When Alexandra was born there was a snow storm. We get those spring time snow storms here sometimes and they are always the best because it just dumps on us, but it's not that cold so the snow is sticky and it hangs onto the trees and bushes and makes everything look like it's covered in clouds. To be honest, I hate the every other kind of snow, it's too cold and too slippery.
So, when it first snowed a few weeks ago, I thought about Alexandra and what she was thinking of the snow. I dismissed it because it wasn't much snow and she already knows about snow, after all, it was snowing like crazy the night before she was born and it snowed the day after he burial. Well, Monday night it snowed again here. It's our first real snow fall this winter (fall?), and it wasn't just a little bit.

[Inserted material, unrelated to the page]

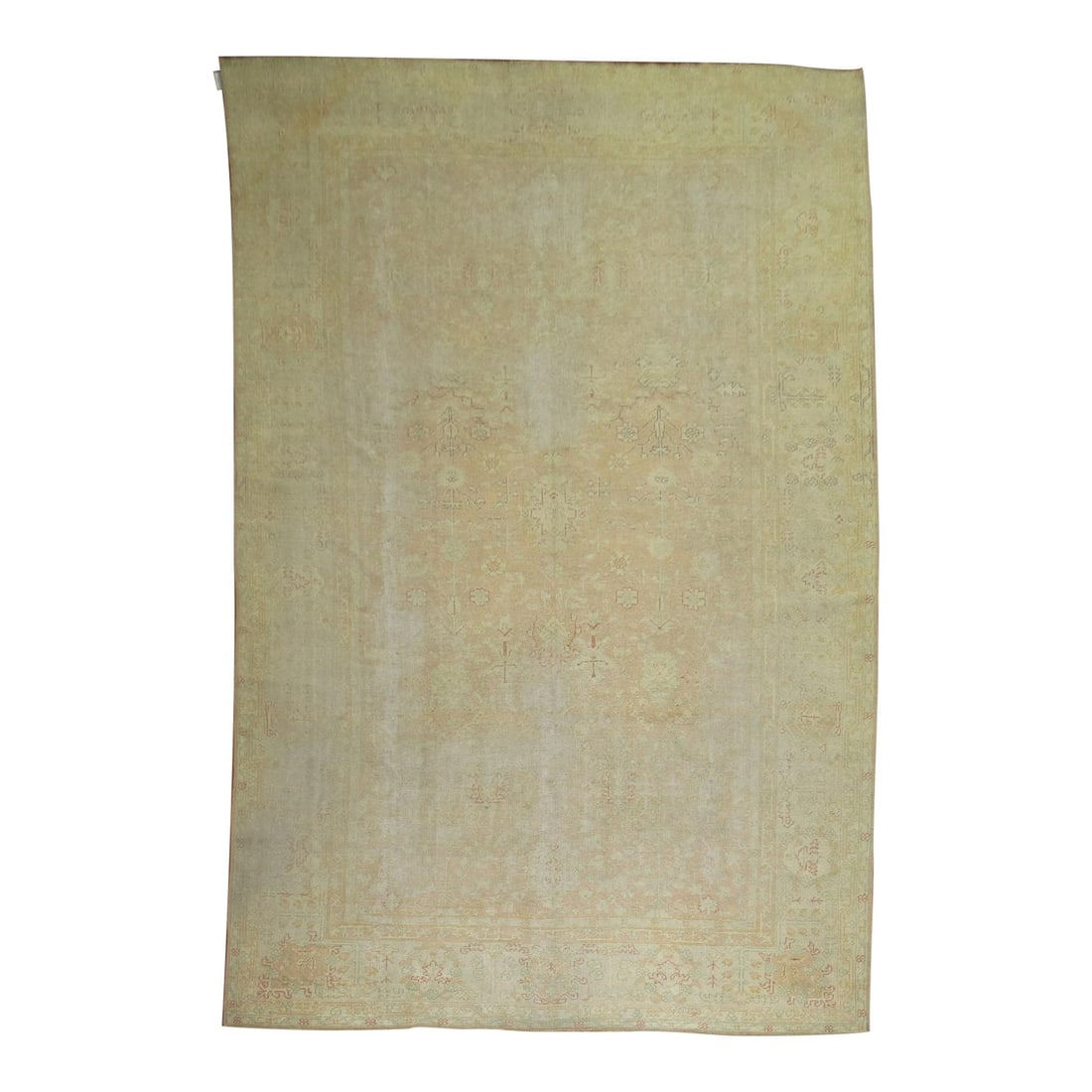 Large Antique Turkish Oushak Rug Circa 1910 Pale Peach Hand-Woven: Large Antique Turkish Oushak Rug Circa 1910 Pale Peach Hand-Woven Discover a stunning early 20th century Turkish Oushak rug, elegantly worn and featuring a soft pale peach hue. This oversized piece me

On Monday when I picked Dayne up from school I carried my coat, as we were walking to my sister's house the wind started to get cold and I could feel the snow coming. By the time I went to bed it was coming down and the weather network said to expect 10 -15 cm's of snow through the night and the next day. Yesterday my sister told me that my nephew stepped into a snow drift up to his waist. Of course it's not like that everywhere, but there is a lot of snow. Today the snow is past Dayne's boot line in most places and they said another 10cm's is to be expected. I quickly discovered walking to school today wasn't an option when we got half way across the park and he told me there was snow in his boot and I lifted his snow pants to find that his boots were filled with snow, despite two pairs of pant linings being shoved into them.
Yesterday, after we took Dayne to school we went to the cemetery to visit Alexandra. It was cold and it was still snowing and as I stood there I thought about the snow. I thought that maybe she wanted me to like the snow, maybe Alexandra would have loved the snow and that's why it snowed the day she was born. Maybe I should warm up to the idea of snow and winter. I thought about how she had never seen snow like THIS and I wondered what she thought of it. Is she hanging out with her angel friends, sledding? Would she be like her mama and hate the cold and everything that comes with it, especially snow? Or would she love it? I wonder if we would have been paying for snowboarding lessons instead of dance lessons once she was old enough to choose and I thought about how I would tease her about making mommy go out in the cold.
Those kind of thoughts are good and bad. They are good because they make me feel close to Alexandra, it's almost like a memory...of something that never happened, if that makes any sense. At the same time, they hurt because I'm missing out on so much. I don't know if Alexandra would have liked snow...I don't know anything that she would have liked, and that thought breaks my heart.
So many things are double edged swords...I guess this is one of those examples of something that you have to take the good with the bad with.